• What is required
Output range, inclusive: from the line containing "Smallrig 6051 adjustable" to the line containing "Bremsecaliper h�jre bag". Restate those lines from the data below word for word and only those.

• Data to examine
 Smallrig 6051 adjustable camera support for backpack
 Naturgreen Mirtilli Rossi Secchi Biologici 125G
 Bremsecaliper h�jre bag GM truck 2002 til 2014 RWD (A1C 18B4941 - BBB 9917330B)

...

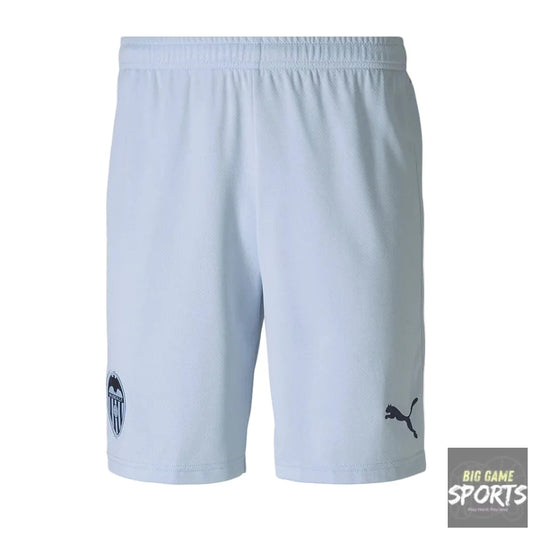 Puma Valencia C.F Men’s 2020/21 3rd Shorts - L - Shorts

--

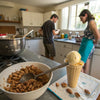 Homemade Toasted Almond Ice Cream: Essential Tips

• Response box
 Smallrig 6051 adjustable camera support for backpack
 Naturgreen Mirtilli Rossi Secchi Biologici 125G
 Bremsecaliper h�jre bag GM truck 2002 til 2014 RWD (A1C 18B4941 - BBB 9917330B)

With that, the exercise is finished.